» **AIM OF THE EXERCISE**: Look for the line containing "Việt Nam nằm" in the entries below, then print that line and all that follow it exactly.

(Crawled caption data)

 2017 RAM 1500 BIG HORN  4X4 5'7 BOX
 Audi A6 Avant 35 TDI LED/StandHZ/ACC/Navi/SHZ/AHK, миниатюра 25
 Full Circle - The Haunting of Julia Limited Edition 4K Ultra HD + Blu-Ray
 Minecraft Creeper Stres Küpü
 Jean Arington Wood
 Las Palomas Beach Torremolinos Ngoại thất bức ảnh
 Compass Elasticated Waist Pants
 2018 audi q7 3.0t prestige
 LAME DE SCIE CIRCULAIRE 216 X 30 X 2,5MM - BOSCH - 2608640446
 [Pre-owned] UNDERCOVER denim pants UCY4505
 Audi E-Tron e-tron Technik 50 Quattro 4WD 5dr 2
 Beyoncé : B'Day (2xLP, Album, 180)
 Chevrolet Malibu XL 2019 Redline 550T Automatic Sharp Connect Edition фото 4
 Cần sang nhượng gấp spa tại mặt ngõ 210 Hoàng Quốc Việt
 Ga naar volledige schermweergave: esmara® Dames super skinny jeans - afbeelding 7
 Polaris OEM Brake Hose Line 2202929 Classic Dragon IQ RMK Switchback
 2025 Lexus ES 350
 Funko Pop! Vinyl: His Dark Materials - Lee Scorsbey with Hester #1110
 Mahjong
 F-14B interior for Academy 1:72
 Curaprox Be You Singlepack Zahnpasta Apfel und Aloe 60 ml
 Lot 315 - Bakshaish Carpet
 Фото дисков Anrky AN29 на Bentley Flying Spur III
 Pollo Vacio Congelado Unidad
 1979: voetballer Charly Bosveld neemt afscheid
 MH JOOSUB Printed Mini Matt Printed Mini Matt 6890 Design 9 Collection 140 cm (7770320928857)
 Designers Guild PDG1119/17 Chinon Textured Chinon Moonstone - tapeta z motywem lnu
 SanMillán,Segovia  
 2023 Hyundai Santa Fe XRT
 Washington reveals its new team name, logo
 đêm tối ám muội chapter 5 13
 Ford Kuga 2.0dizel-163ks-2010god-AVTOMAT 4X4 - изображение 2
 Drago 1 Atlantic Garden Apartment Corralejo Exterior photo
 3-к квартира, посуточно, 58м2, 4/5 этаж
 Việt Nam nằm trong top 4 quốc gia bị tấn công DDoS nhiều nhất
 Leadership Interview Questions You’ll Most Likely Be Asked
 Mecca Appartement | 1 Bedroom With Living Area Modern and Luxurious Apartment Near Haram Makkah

» **COMPLETED TASK**:
 Việt Nam nằm trong top 4 quốc gia bị tấn công DDoS nhiều nhất
 Leadership Interview Questions You’ll Most Likely Be Asked
 Mecca Appartement | 1 Bedroom With Living Area Modern and Luxurious Apartment Near Haram Makkah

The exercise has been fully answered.